#### EXERCISE INSTRUCTIONS
Leave out the pictures, and retype the remaining data exactly.

#### EXERCISE INPUT
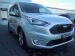 Ford Tourneo Connect 1.0 EcoBoost МТ (100 л.с.) 2018 с пробегом 1 тыс.км.  л. в Киеве на Auto24.org – фото 4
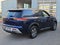 2025 Nissan Pathfinder SL 2WD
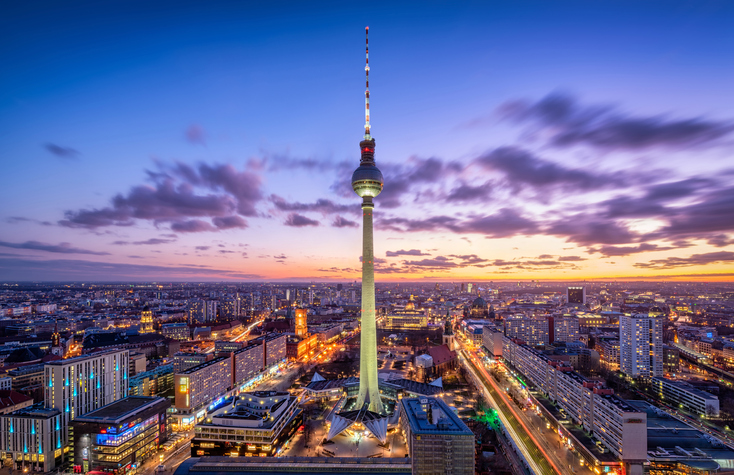germany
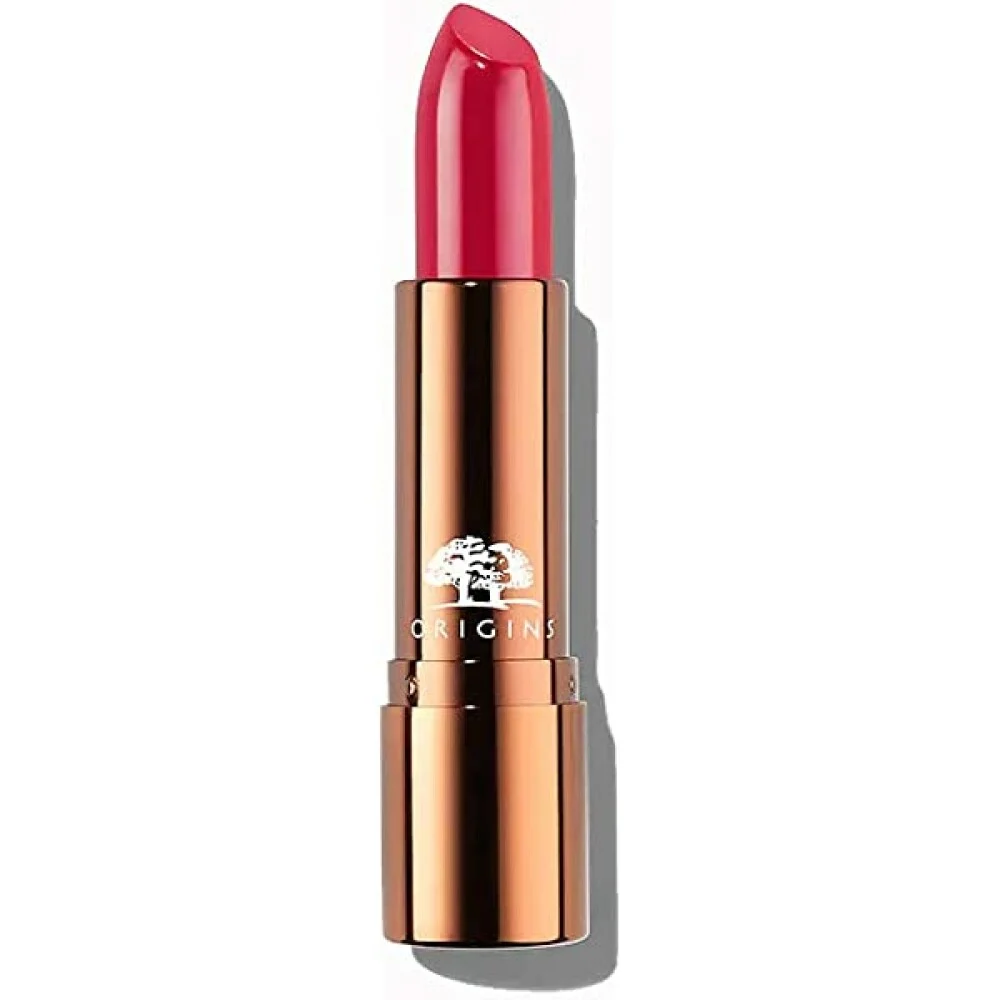 Origins Blooming Bold rossetto in crema 14 Bold Bouquet 3,1 g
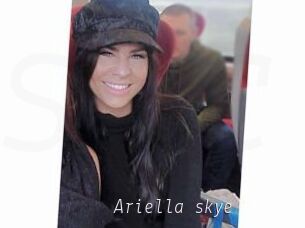 Ariella_skye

#### WRITTEN RESPONSE
 Ford Tourneo Connect 1.0 EcoBoost МТ (100 л.с.) 2018 с пробегом 1 тыс.км.  л. в Киеве на Auto24.org – фото 4
 2025 Nissan Pathfinder SL 2WD
germany
 Origins Blooming Bold rossetto in crema 14 Bold Bouquet 3,1 g
 Ariella_skye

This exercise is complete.